Irontically, I didn't do this to get the boot speed. The init scripts are fast enough now that the kernel initialization time is longer, anyway. What I did this for was because I hated having a bunch of separate directories with symlinks in them for each run level. I didn't like having to use specialized tools to manipulate the system (I wanted to routinely use the tools I would have available if I were running from a rescue floppy trying to fix it). That meant doing things with a basic set of shell commands. Yet I didn't want to abandon having separate scripts for each service/daemon being started (or stopped as the case may be). What I ended up doing was creating a single subdirectory for all the individual service scripts, and making the script name have a pattern that included both the startup sequence (stop sequence simply ran backwards), as well as the run levels. Here's what the names in /etc/sys on my system look like:
Figuring out which run level each service starts in is left as an exercise for the reader. BTW, I think most of the speed comes from the fact that I didn't add a lot of fat to my script system. That's easier to do when you do your own design.
now we need to go OSS in diesel cars
.. and it isn't the quickest to reboot either! Mind you, I don't find I'm rebooting that frequently compared to my Windows machine.
I did it and noticed a decrease in the boot time, probably 15-20 sec. give or take. YMMV.
-- Two in the pink, one in the sink.
I've seen the exact opposite approach taken - switching from parallel to serial to reduce startup times.
The reason this worked was that starting processes in parallel increased disk contention and the extra seeks brought the machine to a crawl.
Sure, that was on a system with very slow seek times, and not much in the way of disk caching and scheduling (an Amiga 500 with no HD).
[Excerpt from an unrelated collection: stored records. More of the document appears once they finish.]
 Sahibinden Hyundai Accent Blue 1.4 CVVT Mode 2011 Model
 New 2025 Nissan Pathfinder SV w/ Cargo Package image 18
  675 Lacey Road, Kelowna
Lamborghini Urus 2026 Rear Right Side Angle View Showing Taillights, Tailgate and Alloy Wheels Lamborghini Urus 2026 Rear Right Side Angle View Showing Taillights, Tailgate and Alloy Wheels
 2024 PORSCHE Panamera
A lot of things have improved since then, but seeks are still extremely slow in machine terms, and we also have virtual memory and demand page loading which I imagine don't help the problem.
Maybe keeping data needed at startup centralised on the disk (e.g. in the boot partition) would help.
As disk accesses during startup are probably pretty predictable (consistent from one boot to the next), it may be possible to pre-load the disk cache to improve startup times.
A simple approach would be to log disk blocks accessed during startup, and then read them (in a sensible order of course, and in parallel across disks) at the start of the next boot.
I thought there is an outfit called "linuxbios" that supposed to make re-booting, especially cold-booting a very fast process.
Can anyone here tell me the recent progress of "linuxbios" ?
Thank you !
Muchas Gracias, Señor Edward Snowden !
That is an incorrect assumption. It is possible to patch the kernel while it is running. Also, it's very, very freaking easy to load a loadable kernel modules, especially when your kernel is linux. Some people have module support disabled though, and may have access to kernel memory disabled, so then they would be vulnerable.... unless the could use a bug in the kernel to allow write access to kernel memory.